Um último ano de Raúl Castro à frente do governo e do Estado pode ser um período de intensas transformações que muitos consideram necessárias. Ou pode ser uma margem de espera para deixar essas transformações nas mãos dos próximos dirigentes máximos. Embora não se prevejam alterações políticas do sistema cubano, considera-se que é cada vez mais urgente ou mesmo imprescindível que haja modificações na estrutura econômica. Estas incluiriam, entre muitas outras, o processo prolongado e difícil de unificação monetária tantas vezes mencionado mas nunca posto em prática, uma abertura efetiva e dinâmica à inversão estrangeira, reclamada pelo próprio Raúl, um espaço maior para as pequenas e médias empresas privadas e cooperativas, que, não apenas em Cuba, já comprovaram sua capacidade de solução produtiva, salarial e de geração de empregos. Tudo isso faz parte das diversas áreas em que podem ser introduzidas transformações e que chegam até a uma possível reforma da Constituição para torná-la mais condizente com as novas realidades e exigências da sociedade.
Já se passaram dois meses desde a última sessão ordinária da Assembleia Nacional do Poder Popular (o Parlamento cubano) em que foi discutida mais uma vez a situação econômica tensa do país.
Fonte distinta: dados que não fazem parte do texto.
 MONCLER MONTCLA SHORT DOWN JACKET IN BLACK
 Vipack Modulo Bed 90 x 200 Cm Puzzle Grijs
Hoje em dia, enquanto Trump parece ter deixado a questão cubana de lado por estar absorto em outros tópicos mais complexos e explosivos, em Cuba não parecem ter se movido visivelmente os meios para alcançar transformações possíveis e até anunciadas. Tirando as notícias pontuais como a cooperação japonesa na modernização de alguns elementos da infraestrutura cubana ou o interesse de alguns investidores em chegar à ilha, ou em que se exportem mais tabaco ou rum, não se percebem mudanças no interior da estrutura cubana, nem sequer foram ouvidas declarações, fato que gera uma expectativa maior e faz pensar que a "modernização do modelo econômico cubano" vai continuar em seu ritmo pausado, mesmo nas condições difíceis em que a economia nacional se debate.
Enquanto isso, para a população cubana que não vive dos benefícios gerados pelo aumento do turismo na ilha, as condições de vida continuam com a mesma tensão e restrições gerados por salários insuficientes, em visto da alta contínua dos preços de produtos e serviços (preços esses muitas vezes multiplicados nos últimos 27 anos, enquanto o salário médio apenas dobrou), do desabastecimento dos mercados e das necessidades acumuladas em áreas tão sensíveis quanto a habitação.
Entrando no terceiro mês de 2017, faltando menos de um ano para a mudança anunciada de altos dirigentes políticos, os cubanos olham para o horizonte e esperam pelas decisões governamentais que possam transformar um panorama de dificuldades cotidianas que nem todos podem aliviar com a prática de alguma das atividades privadas permitidas pela lei, com viagens ao exterior na qualidade de "mulas" que retornam carregadas de mercadorias para alimentar o mercado negro, ou com o sonho, agora mais complicado, de emigrar. Apenas em um ano poderemos ver que país Raúl Castro vai deixar: se será uma Cuba um tanto diferente ou a mesma de hoje; uma Cuba onde as mentalidades tenham mudado de fato ou em que os movimentos e decisões continuem vindo da superestrutura política, hoje com Raúl, amanhã sem ele.